Bis etwa Bauschlott. Dort ist der Karlsruhe-Spuk vorbei und ich folge den Hinweisen nach Bretten. Rasant abwärts durch Buchenwald, eine phantastische Strecke. Bretten ist wunderschön, und ich sehr froh, dass das Kleinod auf meiner großen Pamina-Umrundung liegt. Fachwerk, Stille, Cafés und auch sonst alles, was das Herz begehrt. Noch etwa fünfzehn Kilometer folge ich dem HSB, bis ich mich über die regionalen Routen KS20 und KS05 Richtung Kraichtal aufmache. Odenheim ist mein Ziel. Die Passage quer über den Kraichgau durch Unter- und Oberöwisheim ist die Wucht. Natur pur. In Oberöwisheim schenkt mir ein Paar, das gerade einen Baum pflanzt, eine Flasche Wasser. Die Begegnung war ebenso herzig wie morbid. Ich hätte nämlich beinahe gefragt, ob sie eine Leiche vergraben wollen oder einen Baum pflanzen. Ein Rest Vernunft hat mich von diesem Scherz abgehalten.

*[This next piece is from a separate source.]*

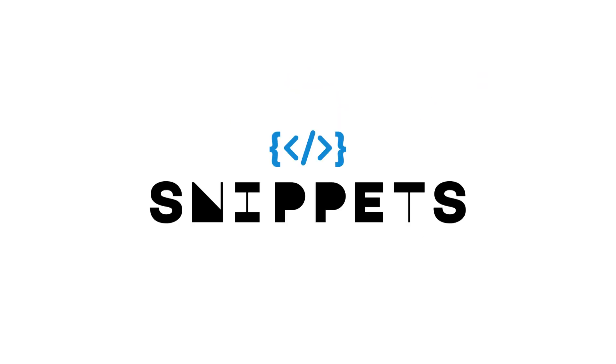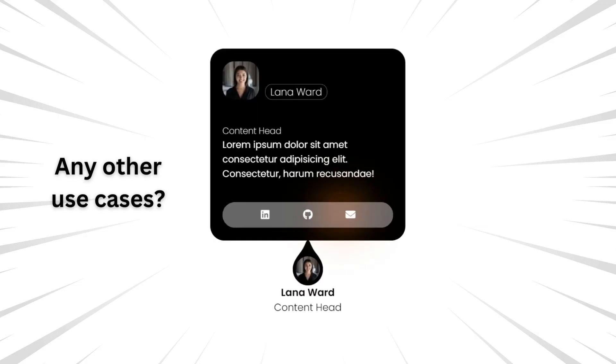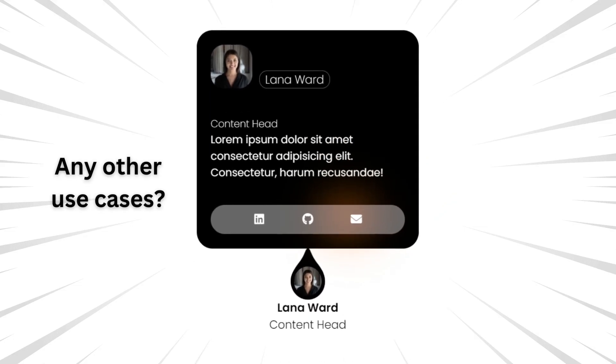Welcome to Snippets Code. Today, we will explore the Our Team section. Before we proceed, I'd like to hear your thoughts on what other use cases you think this design could be applied to.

Ich habe mich aufs Wildzelten eingestellt. Von Westen drücken dunkle Wolken. Der Versuch, in Unteröwisheim ein Zimmer zu finden scheiterte an Faulheit (erstes von mehreren Gästehäusern war ausgebucht und ich wollte nicht weiter suchen). In Oberöwisheim gibt es nichts. In Odenheim im Ochsen vermietet man keine Zimmer mehr. Beim örtlichen Heilpraktiker, der eine Ferienwohnung zu vermieten hat, war niemand zu Hause und Tiefental mit seinem feinen, nicht billigen Hotel war dem Herrn Irgednlink zu weit ab vom Schuss. Kurzum, gleich am Ortsrand von Odenheim steht nun das Europennerzelt. Die Nacht war kalt. Abends regnete es. Der Talnebel lichtet sich.

Nachdem ich diesen Artikel gepostet habe, werde ich packen und losradeln.

Eine Twitterfreundin nahe Germersheim hatte spontan und unbekannterweise gestern Abend angeboten, dass ich bei ihnen übernachten könne. Und das ist doch mal ein Tagesziel, oder?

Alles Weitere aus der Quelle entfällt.